Romain Grosjean and Kevin Magnussen clashed at several points in the first half of the season, with the worst incident coming early in the British Grand Prix where contact between the pair on the first lap sent both cars into retirement.

For Steiner, it was almost the final straw in a season that was already proving to be a deeply disappointing one for the squad.

“After Silverstone I was to a point where I could not see this working anymore,” he told Motorsport.com. “We were struggling with the car, then we were struggling with the drivers.

“If I cannot control the drivers, how can that be good for the team? I put a lot of pressure under them to work, to do everything good, and then they get together at turn 5.

“At a certain stage I thought it is not manageable anymore,” he admitted. “[They] forgot about that points are for the team and not only for them.

“They didn’t think about the team anymore at a certain point. They just saw the opportunity to do good like in Barcelona and Silverstone

“Was it because they were under too much pressure? I’ll find out maybe never. It could be as well just the pressure mounted dramatically for the team.”

The situation appeared to be largely defused over the summer. While the team’s on-track performance continued to be below expectations, the tension between Grosjean and Magnussen eased and both drivers ended up being retained for 2020.
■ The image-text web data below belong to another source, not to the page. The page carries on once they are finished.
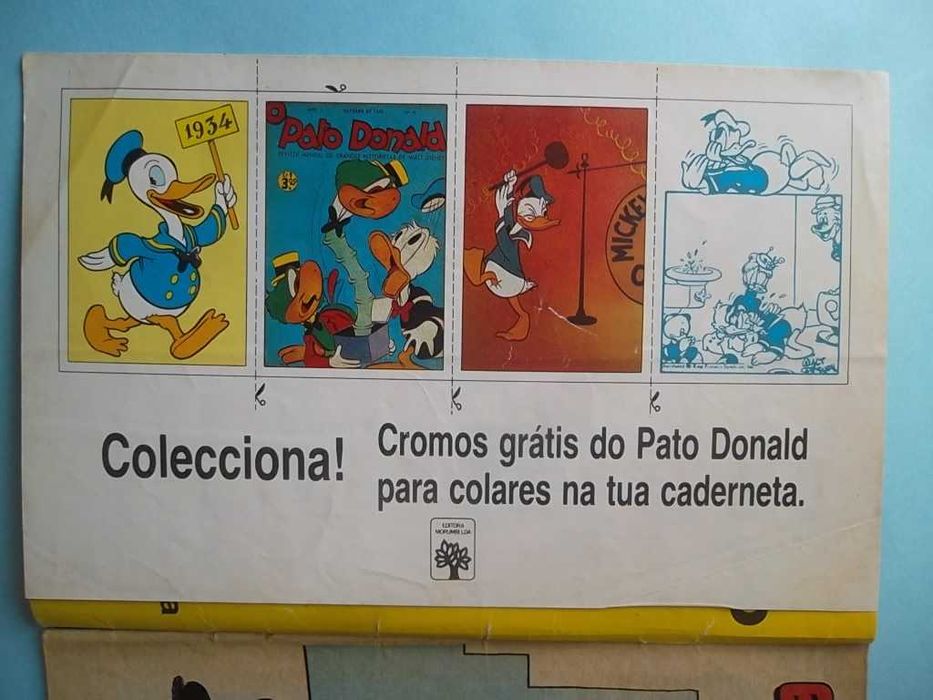 Revistas DISNEY com folha de cromos da coleção "PATO DONALD"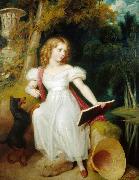 Richard Westall Portrait of Princess Sophia oil on canvas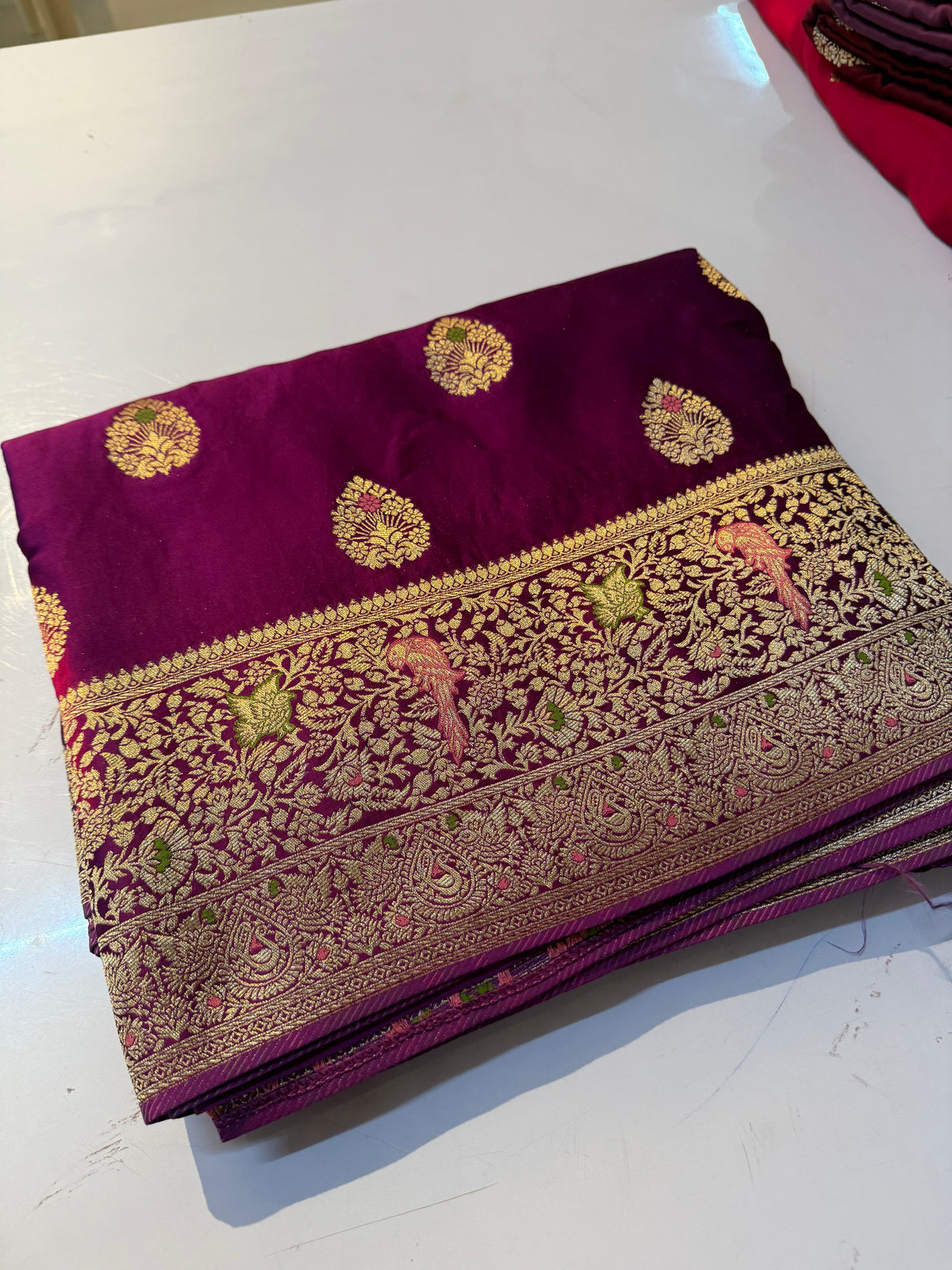 Pure mashru Satin Banarasi Silk Saree(SBSGPS99)
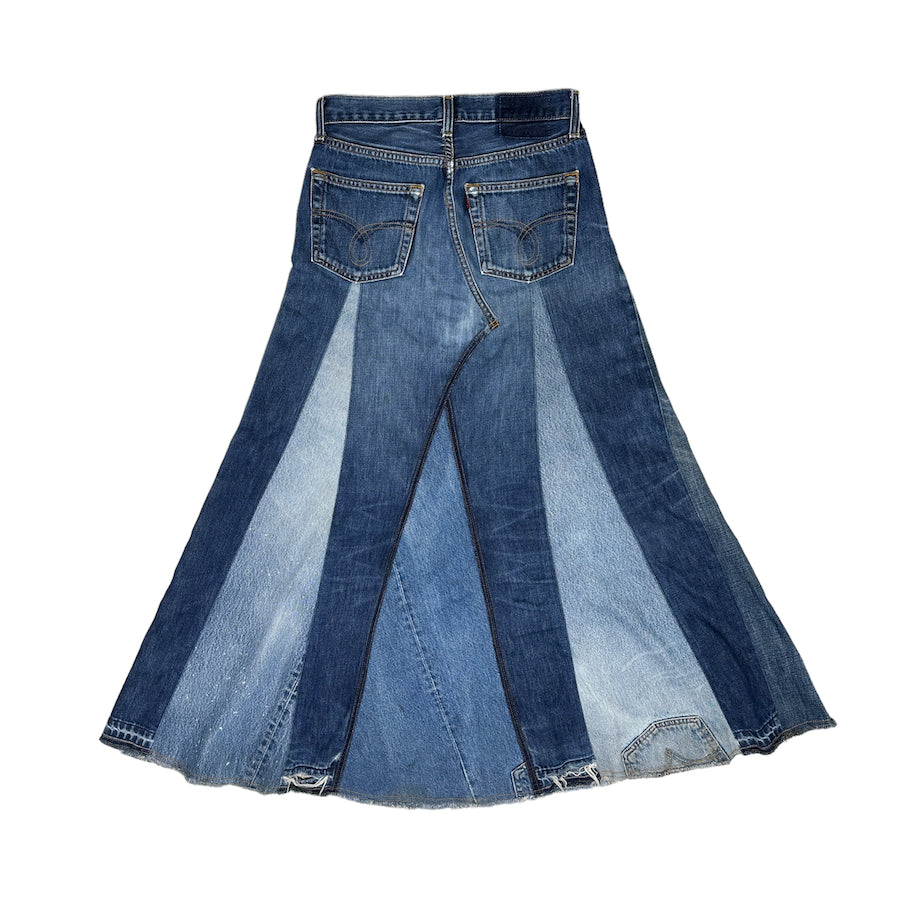 REBUILD BY NEEDLES DENIM MAXI SKIRT - 30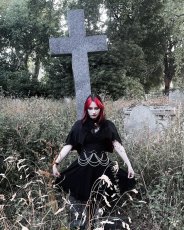 画像13: Gothic vampire shadow bat-shaped capelet / ボレロ【DARK IN LOVE】 (13)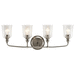 Kichler KK45748CLP Classic Pewter 4 or more Bulb Bathroom Light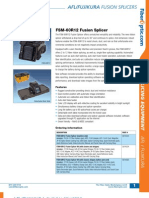 Afl/Fujikura Fusion Splicers: FSM-60R12 Fusion Splicer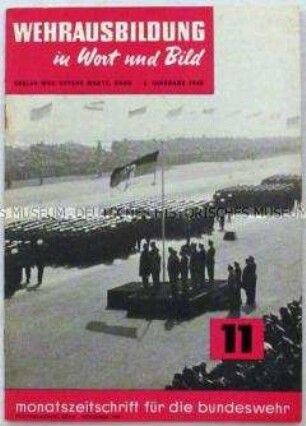 Monatszeitschrift für die Bundeswehr u.a. über das Verabschieden von Bundeskanzler Konrad Adenauer von der Bundeswehr im November 1963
Guenther Steiner (ITA) Haas F1 Team Principal and Kevin Magnussen (DEN) Haas F1 Team.

From his point of view in the cockpit, Magnussen felt that the reports of friction with his team mate had been blown out of proportion by the media.

“It was annoying because it became such a big subject, especially in the press around the time,” he told Motorsport.com. “[It] created like a sense of emergency kind of thing. It wasn’t really any issue.

“Me and Romain had no issues,” he insisted. “We were on the phone to each other the week after Silverstone, there was absolutely no bad thing.

“Of course the team feels that we let them down, but there really was no intention,” adding that he didn’t take any offence from Steiner’s typically forthright comments. “The good thing about Gunther is that what you see is what you get.”

And in fact, Magnussen suggested that the struggles of 2019 might prove to be good for the Haas squad in the longer term.

“I think all of that stuff is made us closer and closer because of all that and the whole experience of this year,” he offered. “This made us closer as a team.”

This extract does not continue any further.